Three resistors each of 2 Ω are connected together so that their total resistance is 3 Ω. Draw a diagram to show this arrangement and check it by calculation. 

Answer 1

Neither three 2 Ω resistors in series nor all three in parallel can be considered feasible because the resultant resistance would be less than 6 Ω. In the latter scenario, the resultant resistance would have been less than 2 Ω. Therefore, a good configuration has two resistors in parallel and one resistor in series.

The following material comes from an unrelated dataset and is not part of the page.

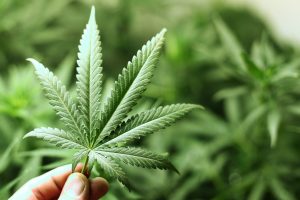 3 Top Reasons to Buy Marijuana in a Fort Covington, NY, Dispensary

`1/"R"_"p" = 1/"R"_1 + 1/"R"_2`

`1/"R"_"p" = 1/2 + 1/2`

= `2/2`

= 1 Ω

∴ R_p = 1 Now R_p and R₃ are in series

∴ R = R_p + R₃

R = 1 + 2

R = 3 Ω

∴ Two resistors are connected in parallel with one another in a series configuration.

Answer 2

The given diagram of the arrangement is shown in figure in which two resistors are in parallel and then this combination is in series with one resistor.

The equivalent resistance of parallel combination:

R' = `(2 xx 2)/(2 + 2) = 4/4 = 1 Omega`

Then total resistance of series combinations of R’ = 1Ω with 2Ω resistors is R = 1 + 2 = 3Ω.